Par un jugement n° 2303006 du 19 décembre 2023, le tribunal administratif de Nîmes a rejeté sa demande.
Procédure devant la cour :
Par une requête, enregistrée le 18 janvier 2024, M. D…, représenté par Me Bruna-Rosso, demande à la cour :
1°) d’annuler ce jugement du 19 décembre 2023 du tribunal administratif de Nîmes ;
2°) d’annuler l’arrêté du 13 juillet 2023 de la préfète de Vaucluse ;
3°) d’enjoindre, sous astreinte de 100 euros par jour de retard, au préfet de Vaucluse de lui délivrer une carte de séjour portant la mention « travailleur saisonnier » dans un délai de quinze jours suivant la notification du présent arrêt ou de réexaminer sa situation dans le même délai et de lui délivrer, dans l’attente, une autorisation provisoire de séjour valant autorisation de travail ;
4°) de mettre à la charge de l’Etat une somme de 1 440 euros sur le fondement de l’article L. 761-1 du code de justice administrative.
Elle soutient que :
- l’arrêté attaqué a été signé par une autorité incompétente ;
- la décision de refus de titre de séjour méconnaît les dispositions de l’article L. 421-34 du code de l’entrée et du séjour des étrangers et du droit d’asile, dès lors qu’il n’a dépassé qu’une seule fois, en 2022 et de quelques jours seulement, la durée de présence en France autorisée dans le cadre de ses précédents titres de séjour portant la mention « travailleur saisonnier » ;
- la préfète, qui s’est estimée liée par le non-respect des conditions posées par l’article L. 421-34 du code de l’entrée et du séjour des étrangers et du droit d’asile, sans procéder à un examen particulier de l’ensemble de sa situation, a méconnu l’étendue de son pouvoir de régularisation ;
- le refus de titre de séjour méconnaît les stipulations de l’article 8 de la convention européenne de sauvegarde des droits de l’homme et des libertés fondamentales ;
- il méconnaît les dispositions de l’article L. 435-1 du code de l’entrée et du séjour des étrangers et du droit d’asile ;
- il est entaché d’une erreur manifeste d’appréciation de ses conséquences sur sa situation ;
- la décision portant obligation de quitter le territoire français est privée de base légale ;
- elle est dépourvue de motivation spécifique et méconnaît ainsi les objectifs de l’article 12 de la directive 2008/115/CE du 16 décembre 2008 ;
- la préfète s’est crue en situation de compétence liée en prenant une obligation de quitter le territoire comme conséquence automatique du refus de titre de séjour ;
- l’obligation de quitter le territoire français méconnaît les dispositions de l’article L. 611-3 du code de l’entrée et du séjour des étrangers et du droit d’asile ;
- elle méconnaît les stipulations de l’article 8 de la convention européenne de sauvegarde des droits de l’homme et des libertés fondamentales ;
- elle est entachée d’une erreur manifeste d’appréciation de ses conséquences sur sa situation personnelle.

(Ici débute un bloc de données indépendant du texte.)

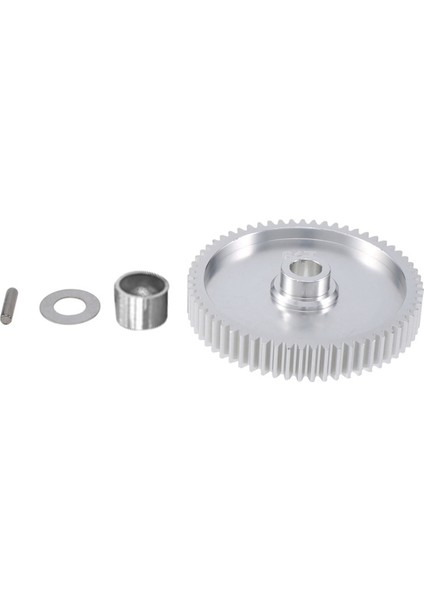 2x Metal 61 T Düz Dişli 51004 TT01 Tt-01 TT01D TT01E 1/10 Rc Araba Yükseltme Parçaları Aksesuarları (Yurt Dışından) modelleri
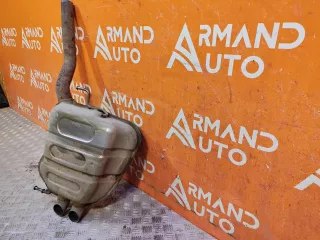5G9253609AP, 5Q5253611, 4 глушитель Volkswagen Golf 7 Арт 281418PM, вид 3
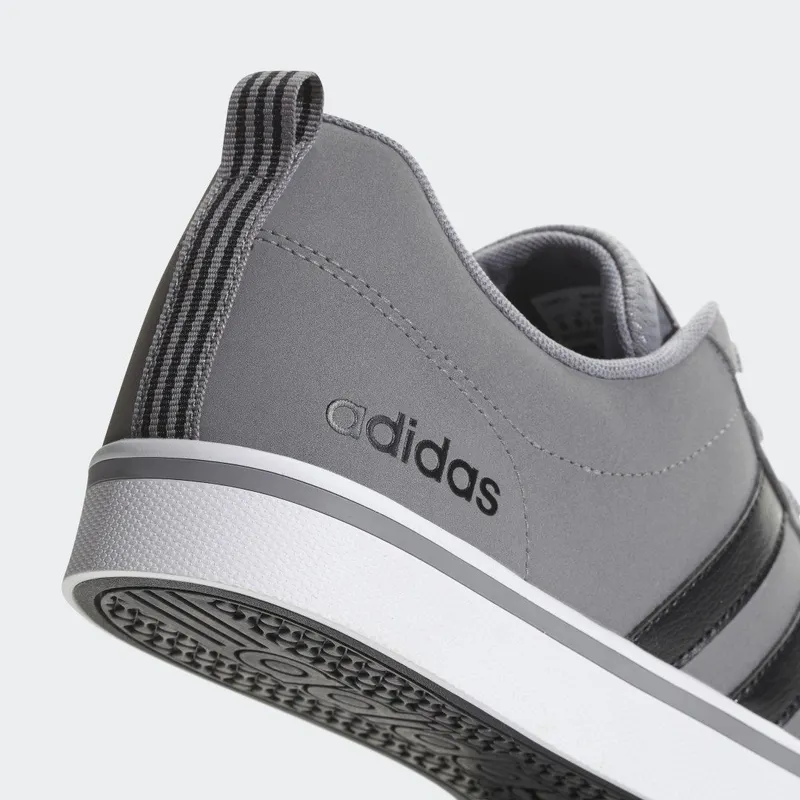 adidas VS Pace Grey Three / Core Black / Cloud White (B74318)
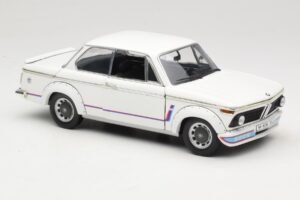 BMW 2002 Turbo E10 Бял Anson 1:18 30393 Метал — снимка 6 от 8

Par un mémoire en défense, enregistré le 21 janvier 2025, le préfet de Vaucluse conclut au rejet de la requête.
Il soutient qu’aucun des moyens soulevés par M. D… n’est fondé.
Par une ordonnance du 21 janvier 2025, la clôture de l’instruction a été fixée au 28 février 2025.
Vu les autres pièces du dossier.
Vu :
- la convention européenne de sauvegarde des droits de l’homme et des libertés fondamentales ;
- l’accord franco-marocain du 9 octobre 1987 ;
- la directive 2008/115/CE du Parlement européen et du Conseil du 16 décembre 2008 ;
- le code de l’entrée et du séjour des étrangers et du droit d’asile ;
- le code de justice administrative.
Le président de la formation de jugement a dispensé la rapporteure publique, sur sa proposition, de prononcer des conclusions à l’audience.
Les parties ont été régulièrement averties du jour de l’audience.
Le rapport de M. Lafon a été entendu au cours de l’audience publique.
Considérant ce qui suit :
1. M. D…, de nationalité marocaine, est entré pour la première fois en France le 5 août 2008 muni d’un visa de long séjour portant la mention « travailleur saisonnier ». Il a obtenu la même année une carte de séjour pluriannuelle portant la même mention, valable du 6 août 2008 au 5 août 2011, renouvelée à quatre reprises jusqu’au 19 août 2023. Il fait appel du jugement du 19 décembre 2023 du tribunal administratif de Nîmes qui a rejeté sa demande tendant à l’annulation de l’arrêté du 13 juillet 2023 par lequel la préfète de Vaucluse a refusé de renouveler une nouvelle fois son titre de séjour, lui a fait obligation de quitter le territoire français dans un délai de trente jours et a fixé le pays de renvoi.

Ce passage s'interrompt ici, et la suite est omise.